6.24.2016

Ode to the Two Panama Canals


ADVISORY TO SHIPPING

                “Gatun Lake’s level is currently at 81.75 feet, the lowest
                  on record for this time of the year,” the advisory said.
                                                              – New York Times

“For Man, Lacan explains, a nap is a Plan,”
declaimed le Docteur, smiling through his mouth-
toupée.  Martinelli fidgeted; he frowned.
“But an Alp is not a Map,” le Docteur (retrieving
his bone) barked, pleasantly.  “Lacan, Lacan!”
Martinelli complained – “Enough fitful conceiving!
We have no Alps in Panama!  This is South
America!”  The doctor’s office drowned
in sunset crimson (penthouse easy chair, divan).

Stumps of cypress peeked from Gatun Lake.
Rainfall was low; the people’s lips were dry.
In Panama City, Authority was out of town.
Tugs waddled tentatively through the locks,
testing the new routines.  “The Bohemian Rake
is proving useful in emergencies – shocks
to the system are to be expected” (wry
humor from our seasoned pilots).  Drown
Your Sorrows @GuppyCabana!  Salt Milkshake?

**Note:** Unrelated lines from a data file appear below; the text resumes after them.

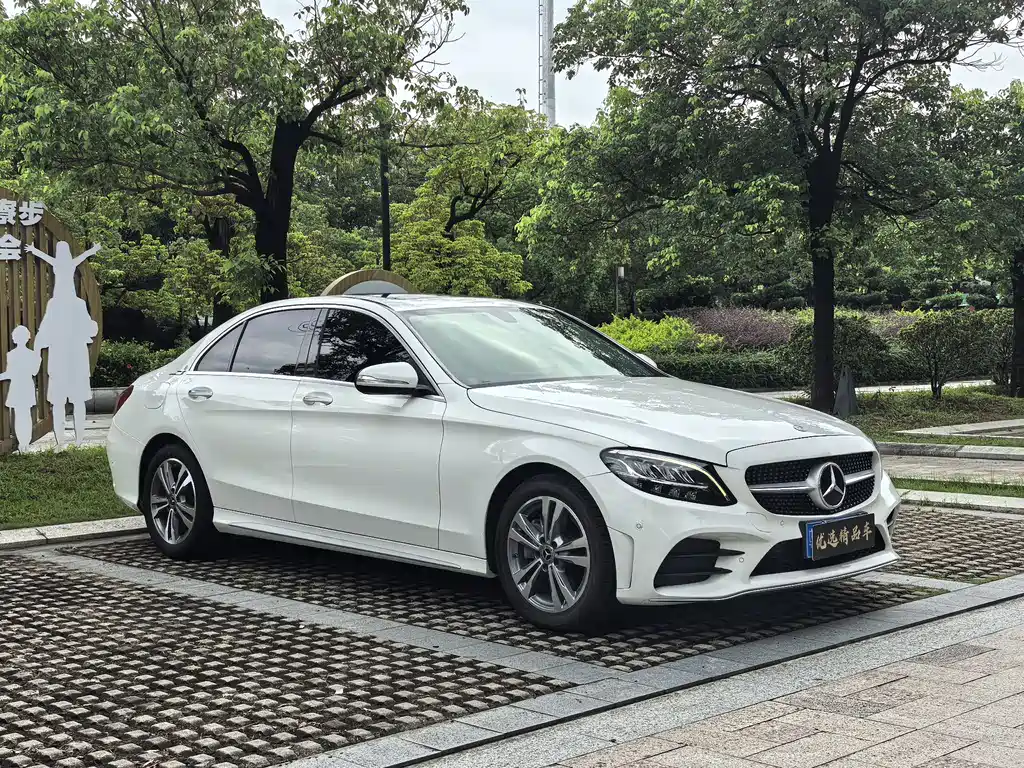 Mercedes C-Class 2020 C 200 L Fashion Sport Edition купить на сайте DeffCars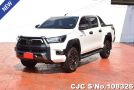 Toyota Hilux in White for Sale Image 0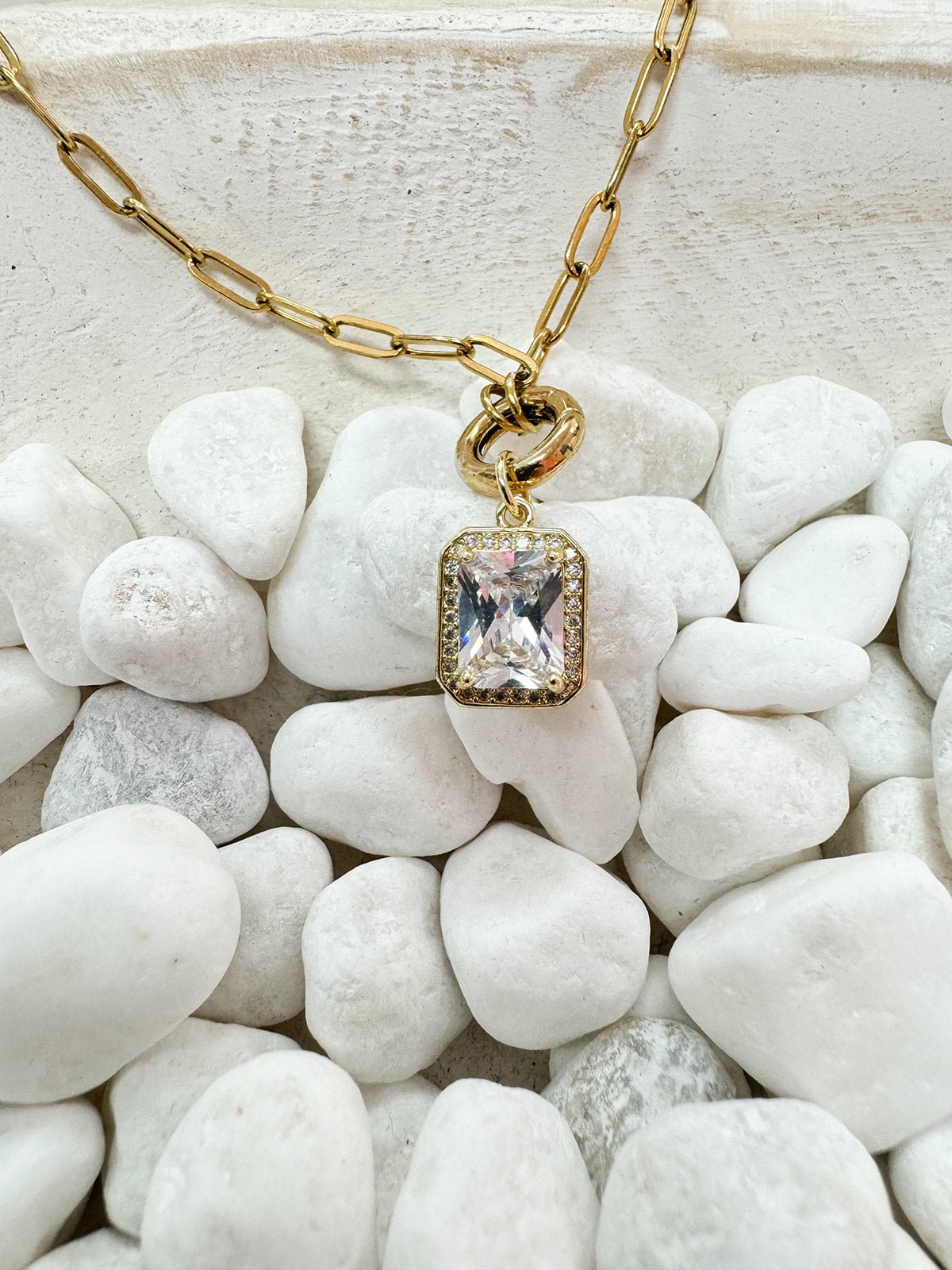 Diamond Pendant Charm - The Pink Pineapple 850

The new neo-Panamax behemoths
struggle on the uphill climb.  Old boats
were designed for any weather; these lunks
were built to be actually larger than the ocean.
It can make for difficulties.  National cloths
(flags) end up bumping into low-flying wren;
sailors die of old age crossing from floats
to bunks; giant ship fright syndrome (GSFS)
– a mode of Lacanian paramania-sloth 

mothballs many experienced seamen, before
they are even old enough to Man Overboard.
Just today, a Chinese super-blob christened
Large Ship (Tortugan colors) scraped itself
so bald on the starboard knee as to require
a complete soap-down (Polish Every Shelf!)
and as of today, two weeks later, a hoard
of destructions keeps its crew from Darien
for another week (at least until today).  Scare

stories like these spook international investors.
They collect in London, near Waterloo Station,
& count the oil bubbles that collect like flies
around the rainbows of the bubbles in the oil
that collects like gas bubbles from a Morse
Code info engine (old-fashioned tinfoil
type w/pink elephant-cake, called Mammon
– used in films such as Oil Bubble Rainbows,
starring Omar Sharif).  “Lacan – he bores

me!” complained Martinelli.  “I need stuff!”
His dream-flock of advisors waited, meek
as a collection of hubcaps, shining badly
in their eerie suite.  “We have the money,
your Excellency,” offered Twinglit, bluff
as ever, like the Wet Cliffs of Dover, knee
by jowl with his owlish advisor, Scuttley
Shipley of Scotland.  “What’s wrong, honey?”
inquired his wife, Toeniall Delendo-Muff.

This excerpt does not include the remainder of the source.